[[ The data, beginning ]]
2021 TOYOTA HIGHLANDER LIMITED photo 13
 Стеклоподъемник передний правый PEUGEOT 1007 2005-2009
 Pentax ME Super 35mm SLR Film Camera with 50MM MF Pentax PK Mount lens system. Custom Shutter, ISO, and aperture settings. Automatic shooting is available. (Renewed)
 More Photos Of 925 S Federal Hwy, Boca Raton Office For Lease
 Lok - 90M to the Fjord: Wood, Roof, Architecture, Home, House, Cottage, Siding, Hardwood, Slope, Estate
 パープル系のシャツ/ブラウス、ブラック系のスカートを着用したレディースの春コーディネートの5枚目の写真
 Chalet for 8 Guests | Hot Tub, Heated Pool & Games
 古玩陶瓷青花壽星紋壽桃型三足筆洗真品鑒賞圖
[[ The data, end ]]
__Exercise instructions__.
The entire listing needs to be output again, exactly, please.

__Response__.
2021 TOYOTA HIGHLANDER LIMITED photo 13
 Стеклоподъемник передний правый PEUGEOT 1007 2005-2009
 Pentax ME Super 35mm SLR Film Camera with 50MM MF Pentax PK Mount lens system. Custom Shutter, ISO, and aperture settings. Automatic shooting is available. (Renewed)
 More Photos Of 925 S Federal Hwy, Boca Raton Office For Lease
 Lok - 90M to the Fjord: Wood, Roof, Architecture, Home, House, Cottage, Siding, Hardwood, Slope, Estate
 パープル系のシャツ/ブラウス、ブラック系のスカートを着用したレディースの春コーディネートの5枚目の写真
 Chalet for 8 Guests | Hot Tub, Heated Pool & Games
 古玩陶瓷青花壽星紋壽桃型三足筆洗真品鑒賞圖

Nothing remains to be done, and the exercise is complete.